Trademark law already takes into account that certain marks can be misleading. A mark called “JUST MAYO” can be misleading if the product is actually a mayonnaise substitute. The trademark application will be denied if the trademark authority notices that the applied trademark is misleading. If it only becomes clear that the trademark is misleading after it has been successfully registered, the judge can annul it.
Now, terms such as “kroketten” or “burgers”, are no longer trademarks, but generic names, meaning that the use of these terms do not fall under trademark law. As long as makers of meat substitutes won’t register trademarks under possibly misleading names, the trademark authority or judge cannot apply trademark law.
Misleading advertising can lead to an objection to the courts, relying on the legislation concerning misleading commercial practices. When a consumer gets confused by the vegetarian varieties on meat products names, it can be misleading. This can even be the case if the packaging mentions that it contains vegetarian products, but can easily be overlooked by the consumer.

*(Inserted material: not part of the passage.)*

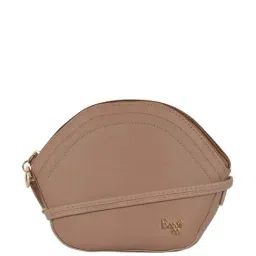 Baggit Beige Solid Medium Sling Handbag-image-30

This issue is not a typical Dutch one. Recently, a German consumer organisation went to court against a tea producer because the packaging suggested that the product contained raspberry and vanilla, which was not true. The judge agreed with the organisation and protected the consumer by doing so. In the current case, it seems as if no one wants to let it go that far and will want to amend the rules before anyone in the Netherlands gets the chance to complain. Eventually, a judge will have to determine if the use of meat terms for vegetarian products is in fact misleading. Besides, ministers can draw up regulations in which the use of these terms for meat substitutes is restricted.